(Data provided)
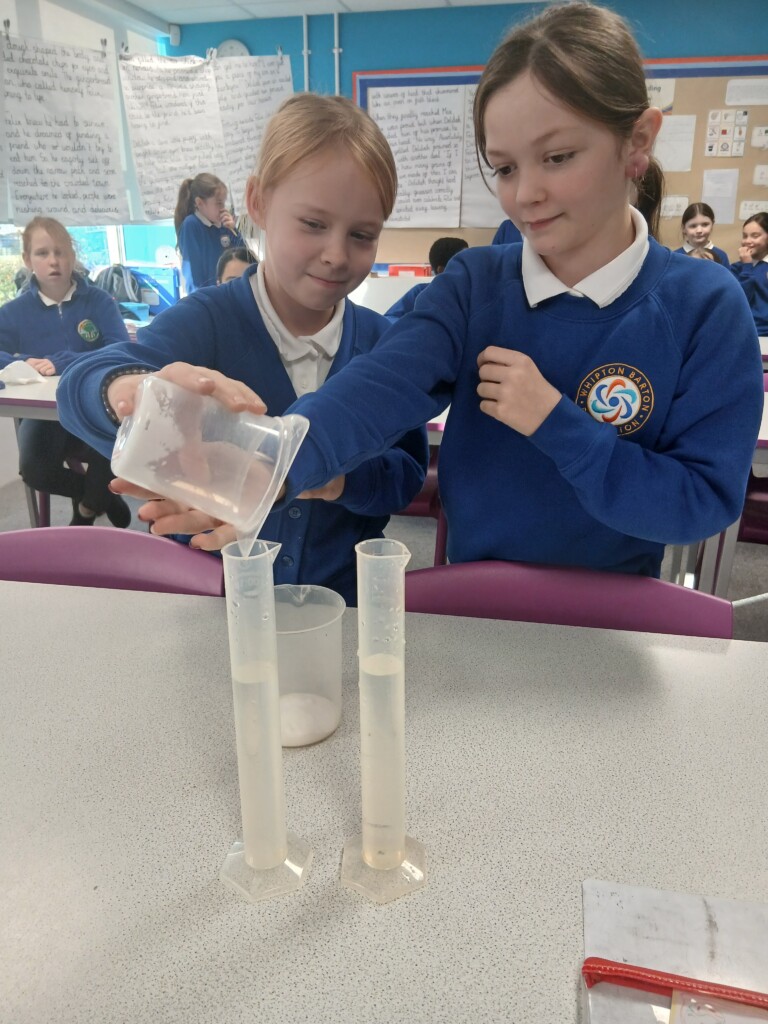 Two students pouring liquid into test tubes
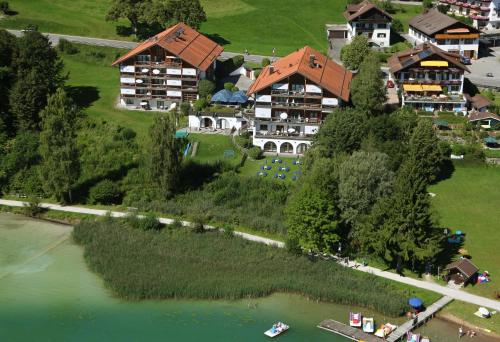 an aerial view of a house on an island in the water at Appartement-Hotel Seespitz in Füssen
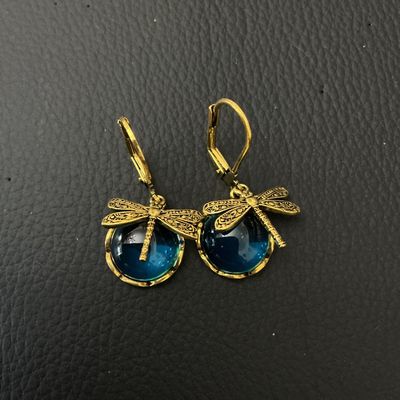 Sale Photo Thumbnail #190: Pair of gold-tone leverback drop earrings featuring a dragonfly accent seated atop round teal-blue glass cabochons. Total length is approximately 35 mm (1.4 inches). Good condition with minor surface wear on metal backs.
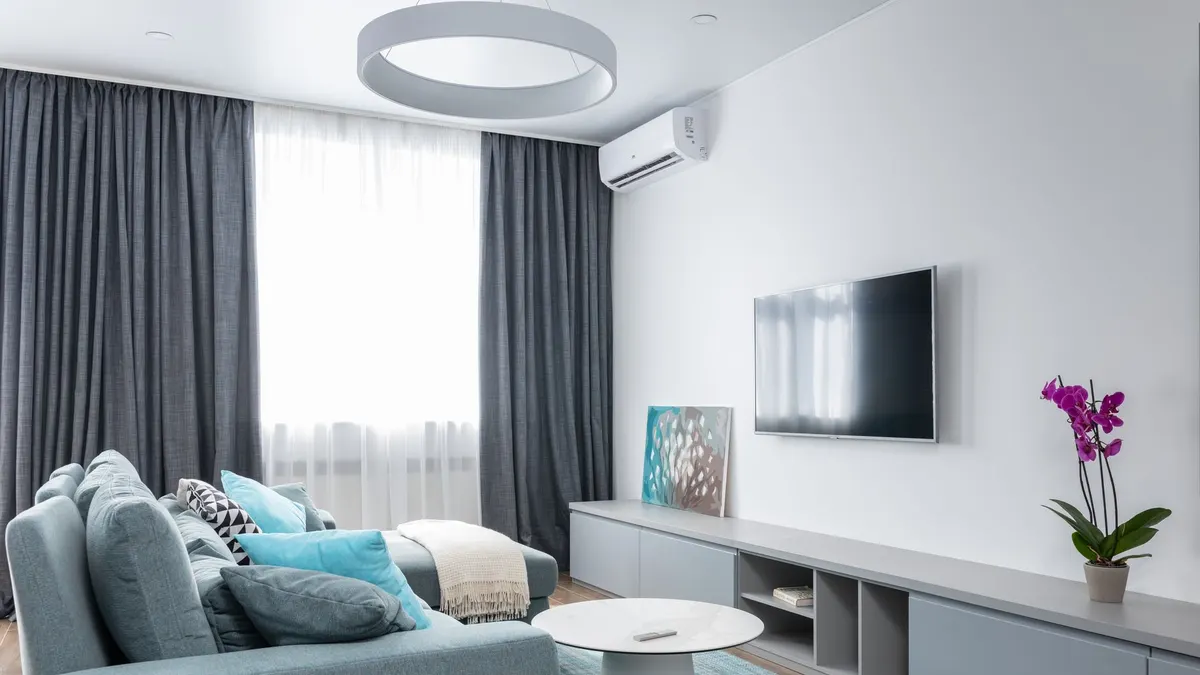 Interior of modern living room with TV on wall and blooming potted flower with picture on shelf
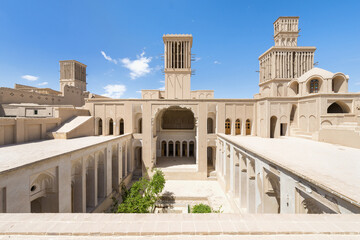 Fototapeta premium Courtyard of the castle Aghazadeh Mansion and wind catcher, Abarkook, Yazd Province, Iran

(Exercise description)
Only the pictures are to be left out; repeat everything else in the records above exactly.

(Solution for this exercise)
 Two students pouring liquid into test tubes
 an aerial view of a house on an island in the water at Appartement-Hotel Seespitz in Füssen
 Sale Photo Thumbnail #190: Pair of gold-tone leverback drop earrings featuring a dragonfly accent seated atop round teal-blue glass cabochons. Total length is approximately 35 mm (1.4 inches). Good condition with minor surface wear on metal backs.
 Interior of modern living room with TV on wall and blooming potted flower with picture on shelf
 Fototapeta premium Courtyard of the castle Aghazadeh Mansion and wind catcher, Abarkook, Yazd Province, Iran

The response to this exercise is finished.